> [Problem to solve]: The material below holds the lines to copy: from the one with "Chillin Like a" up to and including the one with "PHONICS - Learn". Copy them exactly and skip the pictures.

> [Source data]:
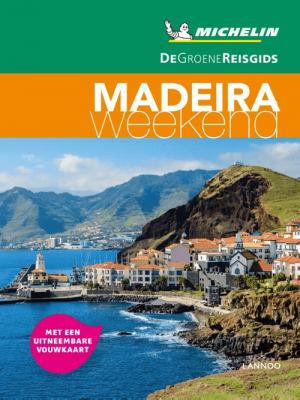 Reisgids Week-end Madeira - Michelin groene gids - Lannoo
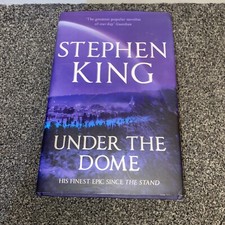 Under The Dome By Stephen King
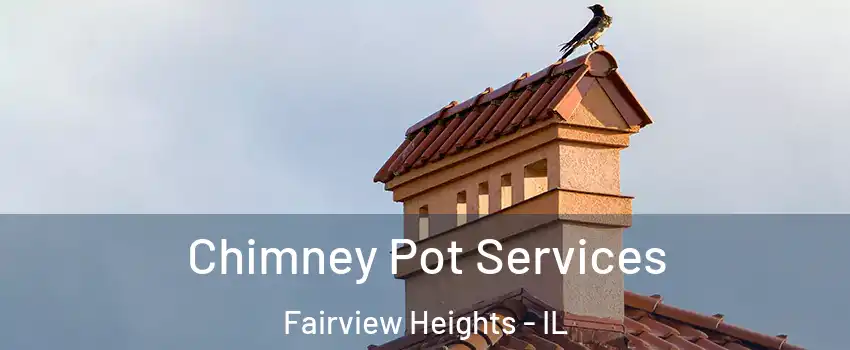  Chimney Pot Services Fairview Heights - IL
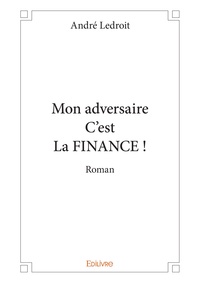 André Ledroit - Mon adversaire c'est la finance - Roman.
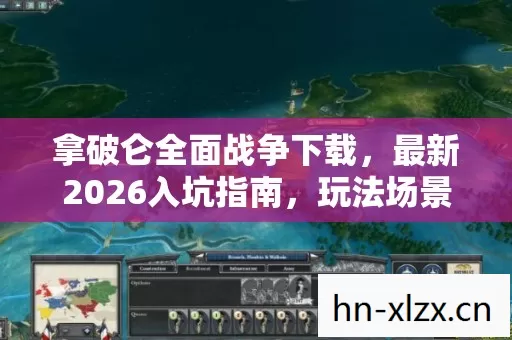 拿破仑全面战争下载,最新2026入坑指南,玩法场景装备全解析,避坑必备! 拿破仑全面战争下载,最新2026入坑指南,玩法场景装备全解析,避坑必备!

* * *

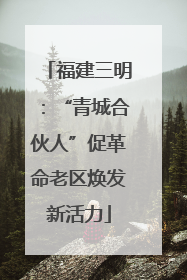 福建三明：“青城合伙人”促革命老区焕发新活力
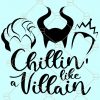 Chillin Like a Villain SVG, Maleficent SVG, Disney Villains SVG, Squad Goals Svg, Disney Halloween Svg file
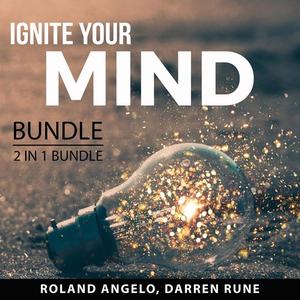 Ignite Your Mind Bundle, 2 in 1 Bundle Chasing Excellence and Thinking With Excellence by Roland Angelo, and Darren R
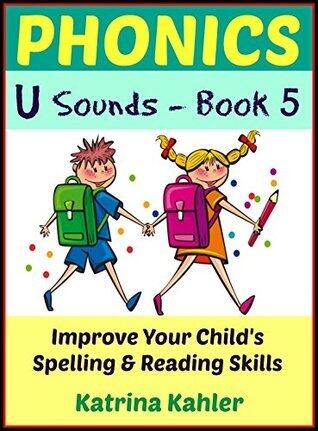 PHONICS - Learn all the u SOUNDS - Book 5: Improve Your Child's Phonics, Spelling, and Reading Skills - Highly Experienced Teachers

==

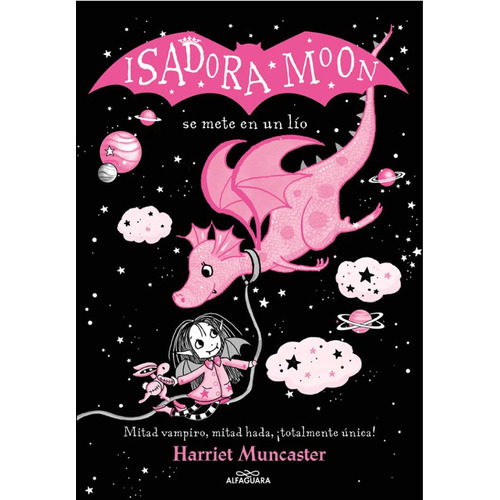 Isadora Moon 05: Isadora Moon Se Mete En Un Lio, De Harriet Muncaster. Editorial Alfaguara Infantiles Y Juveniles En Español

> [Solution to this problem]:
 Chillin Like a Villain SVG, Maleficent SVG, Disney Villains SVG, Squad Goals Svg, Disney Halloween Svg file
 Ignite Your Mind Bundle, 2 in 1 Bundle Chasing Excellence and Thinking With Excellence by Roland Angelo, and Darren R
 PHONICS - Learn all the u SOUNDS - Book 5: Improve Your Child's Phonics, Spelling, and Reading Skills - Highly Experienced Teachers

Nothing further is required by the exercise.